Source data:

• • •

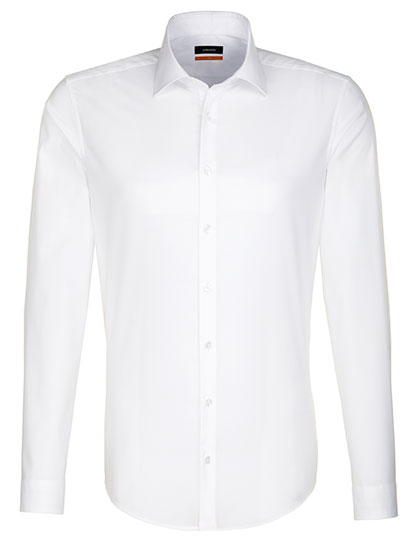 Hemd – Men´s Shirt Slim Fit Long Sleeve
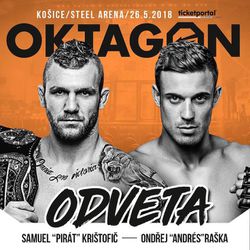 Košice budú dejiskom veľkolepej odvety bojovníkov show Oktagon Výzva!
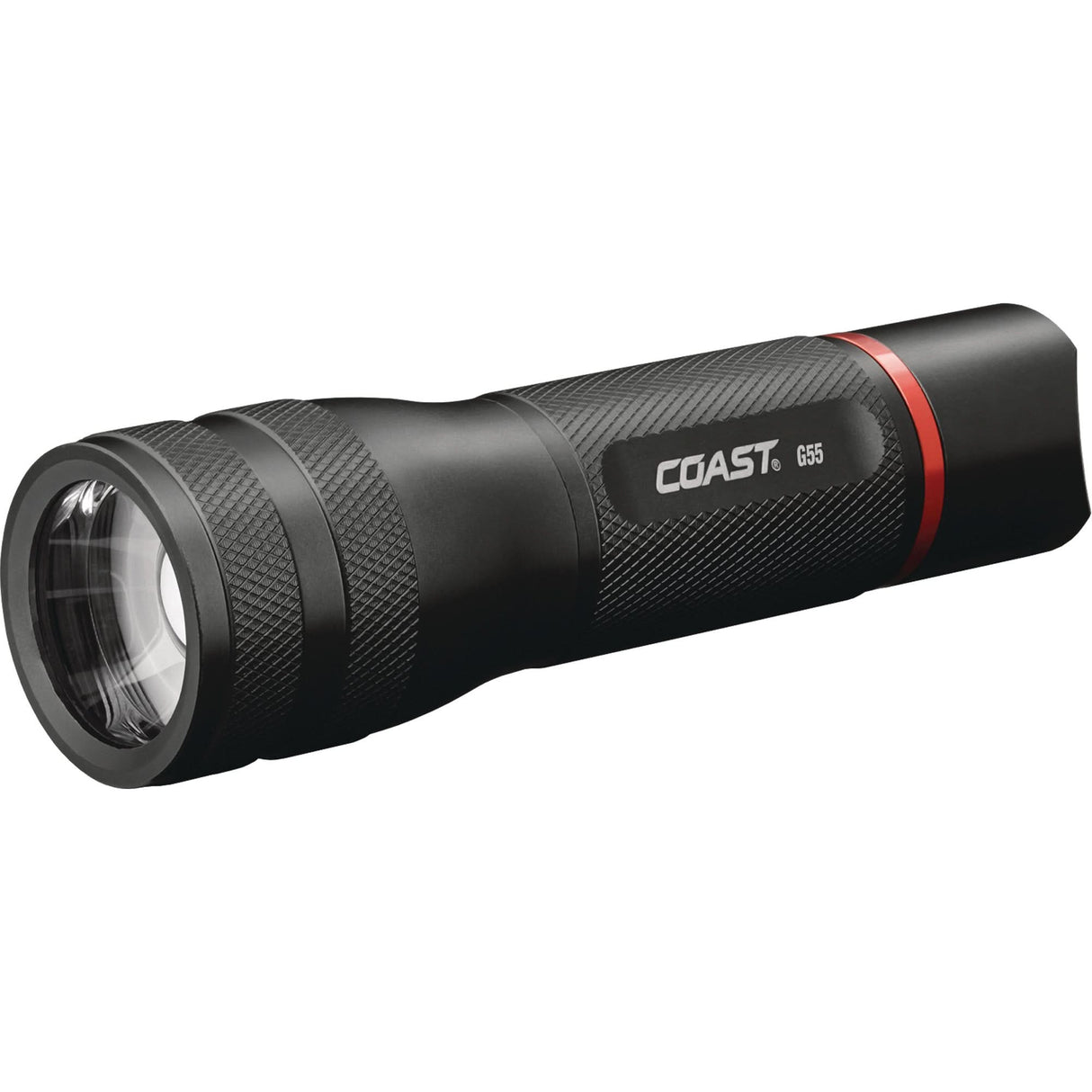 G55 Pure Beam Focusing Flashlight, LED, 650 Lumens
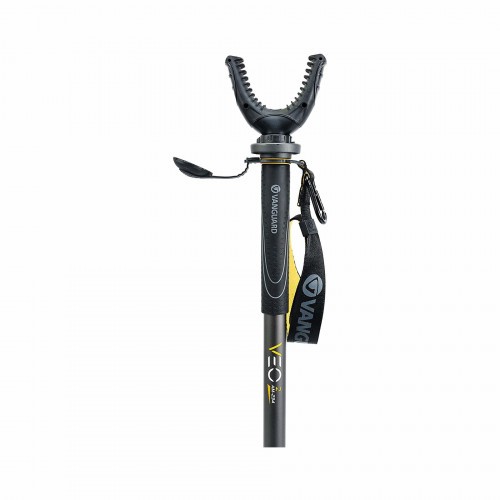 Опора телескопическая для оружия Vanguard VEO 2 AM-234TU соединение шарнир с TRI-подставкой 1 нога 4 колена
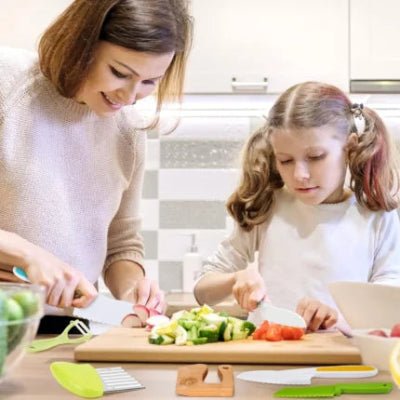 couteau - enfant - 13 - outils - cuisine - La Passion Des Enfants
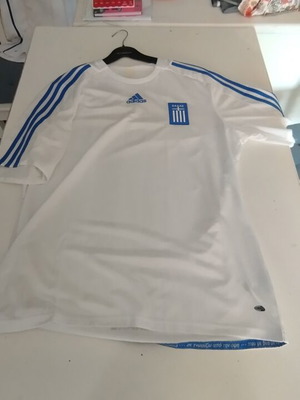 Greece National Team Jersey 2008/2009 like new, size Large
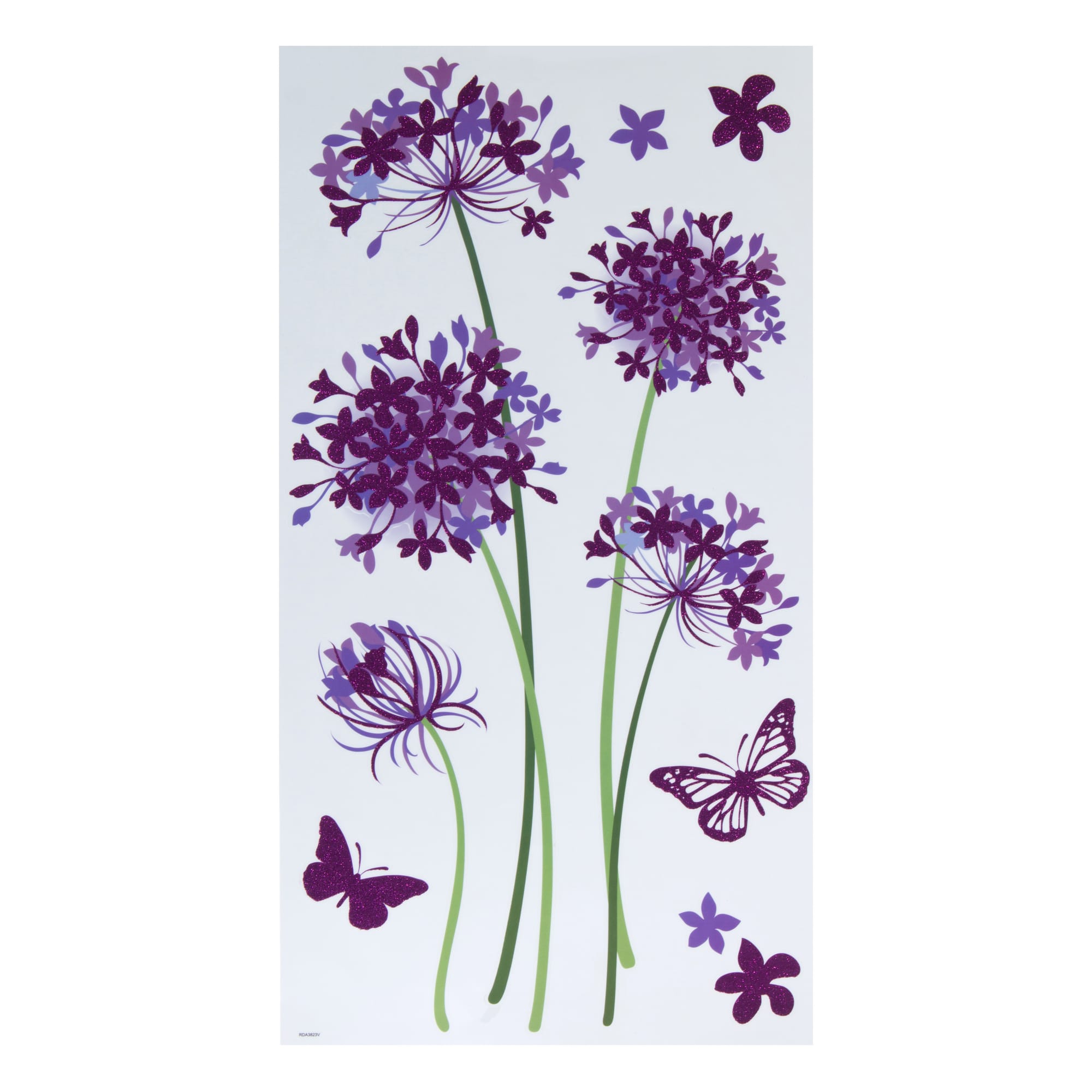 13971332 Наклейка влагостойкая «Одуванчик» RDA 3823 Santreyd STLM-0004082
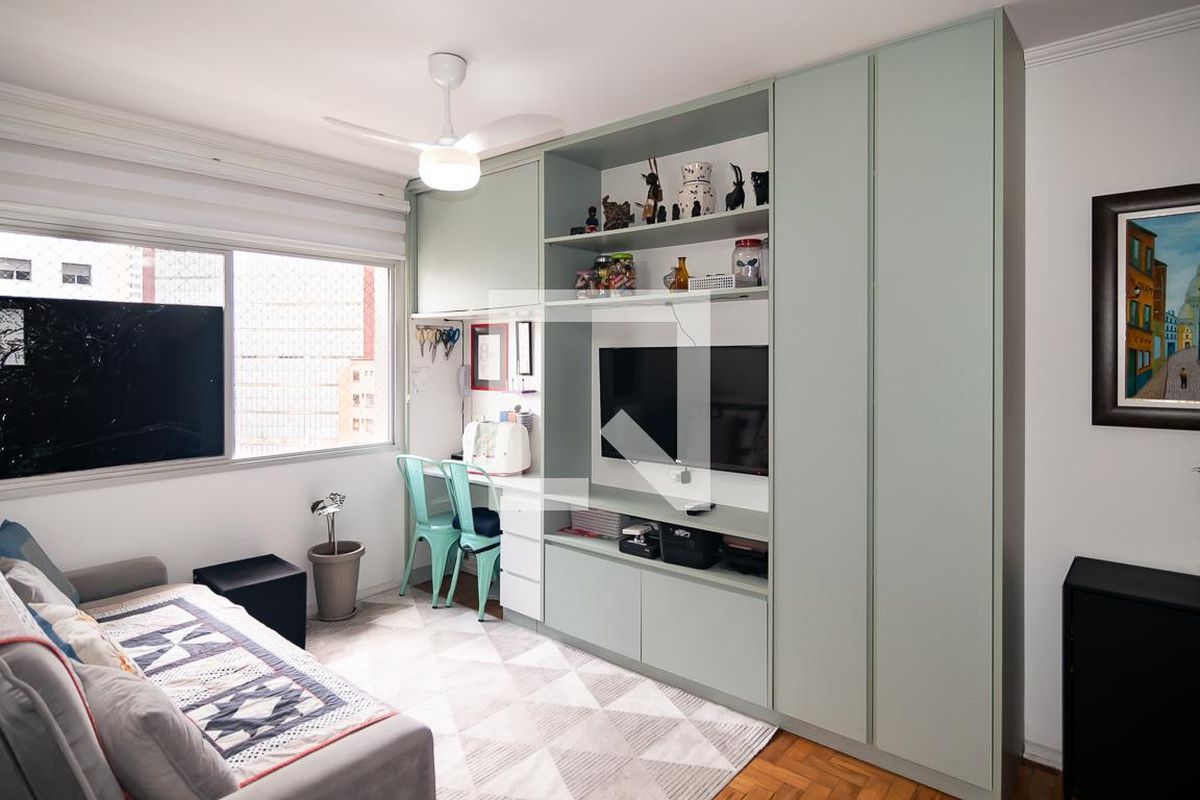 Apartamento, 1 quarto, 45 m² - Foto 6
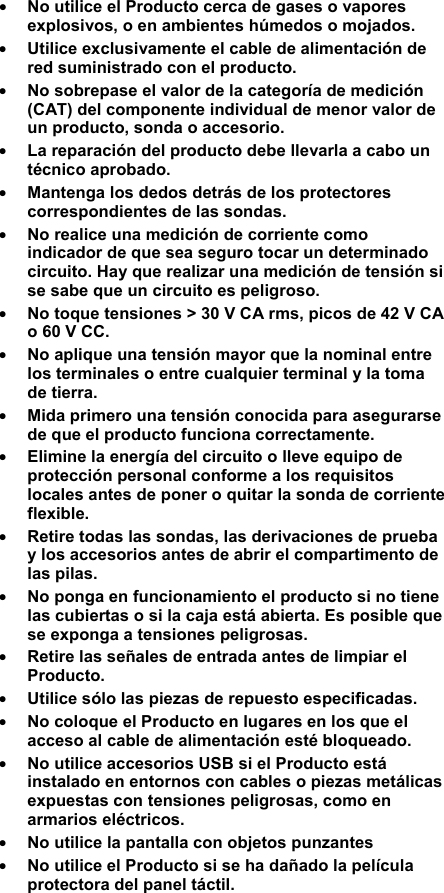 Page 2 of 4 - Fluke Fluke-1730-Us-Users-Manual-  Fluke-1730-us-users-manual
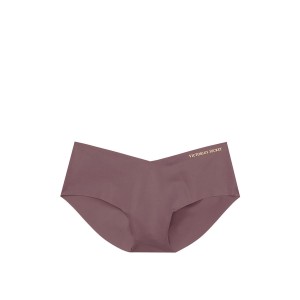 Трусики бесшовные Виктория Сикрет Hiphugger Panty Purple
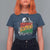 Dr Martin Luther King Jr T Shirt For Women Celebrating The Movement Moment The Man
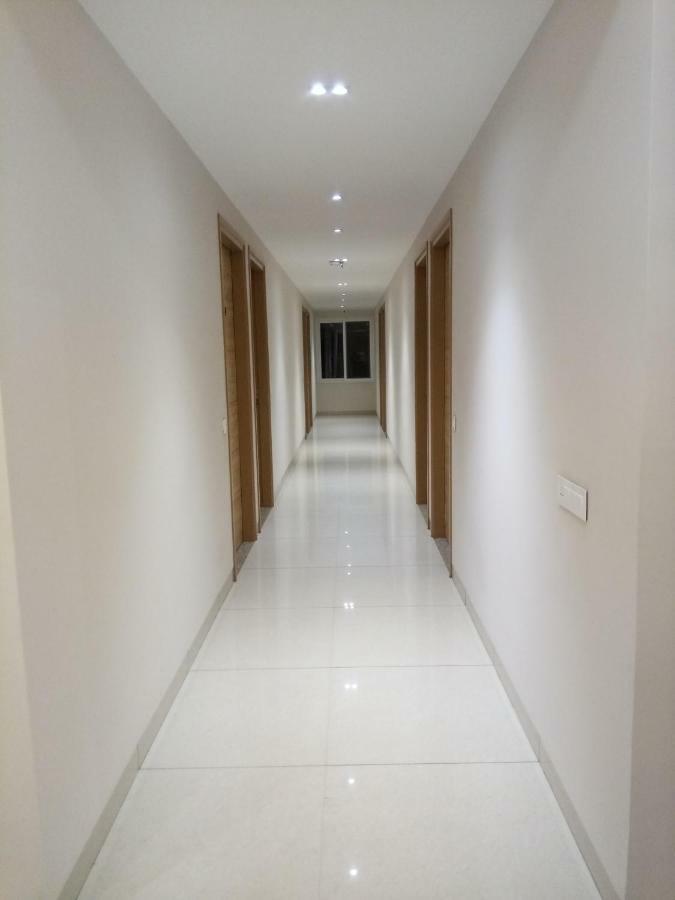 Hotel The Lighthouse Jaipur Bagian luar foto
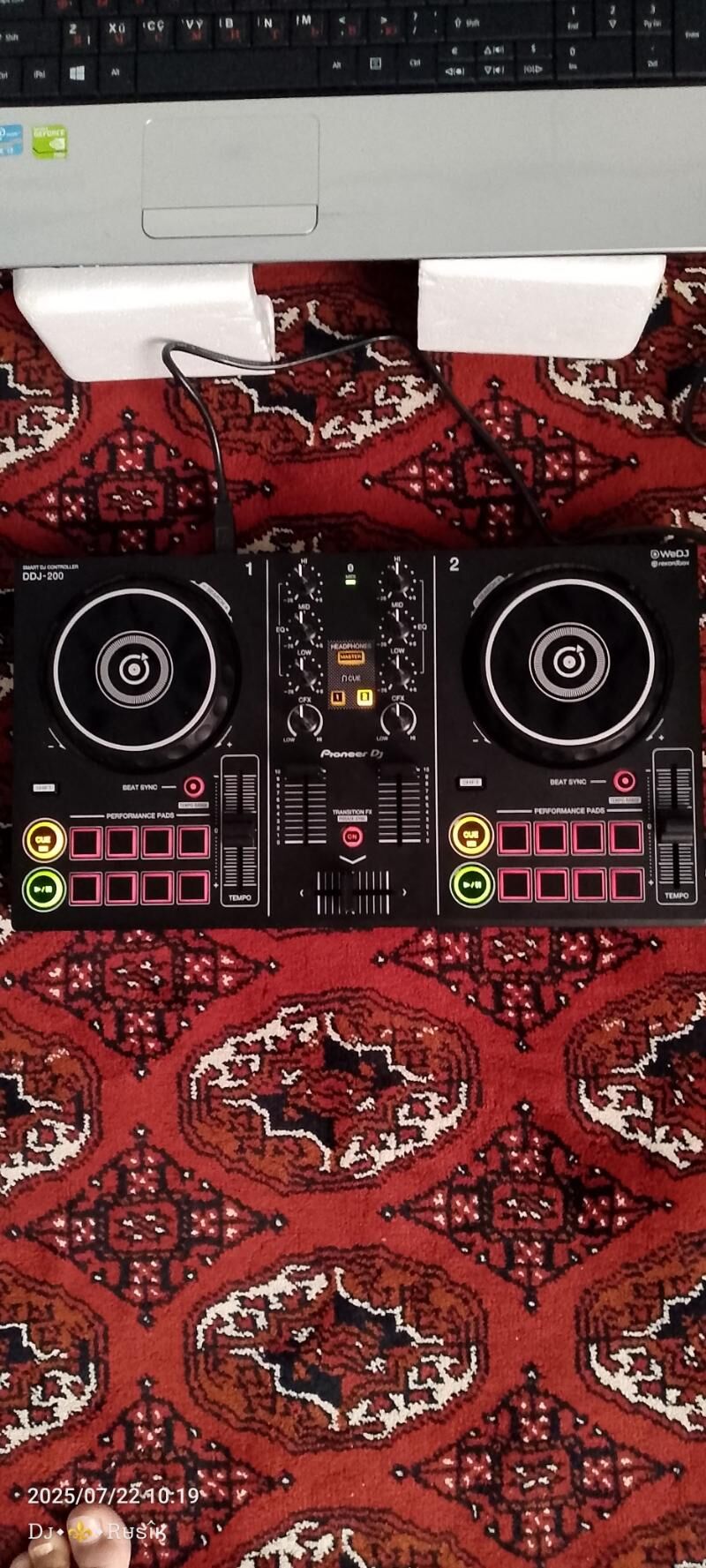 dj satlyk - Этрек - img 1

• • •

**Exercise**
Leave out the pictures and give the rest of the records again exactly.

**Answer section**
 Hemd – Men´s Shirt Slim Fit Long Sleeve
 Košice budú dejiskom veľkolepej odvety bojovníkov show Oktagon Výzva!
 G55 Pure Beam Focusing Flashlight, LED, 650 Lumens
 Опора телескопическая для оружия Vanguard VEO 2 AM-234TU соединение шарнир с TRI-подставкой 1 нога 4 колена
 couteau - enfant - 13 - outils - cuisine - La Passion Des Enfants
 Greece National Team Jersey 2008/2009 like new, size Large
 13971332 Наклейка влагостойкая «Одуванчик» RDA 3823 Santreyd STLM-0004082
 Apartamento, 1 quarto, 45 m² - Foto 6
 Page 2 of 4 - Fluke Fluke-1730-Us-Users-Manual-  Fluke-1730-us-users-manual
 Трусики бесшовные Виктория Сикрет Hiphugger Panty Purple
 Dr Martin Luther King Jr T Shirt For Women Celebrating The Movement Moment The Man
 Hotel The Lighthouse Jaipur Bagian luar foto
 dj satlyk - Этрек - img 1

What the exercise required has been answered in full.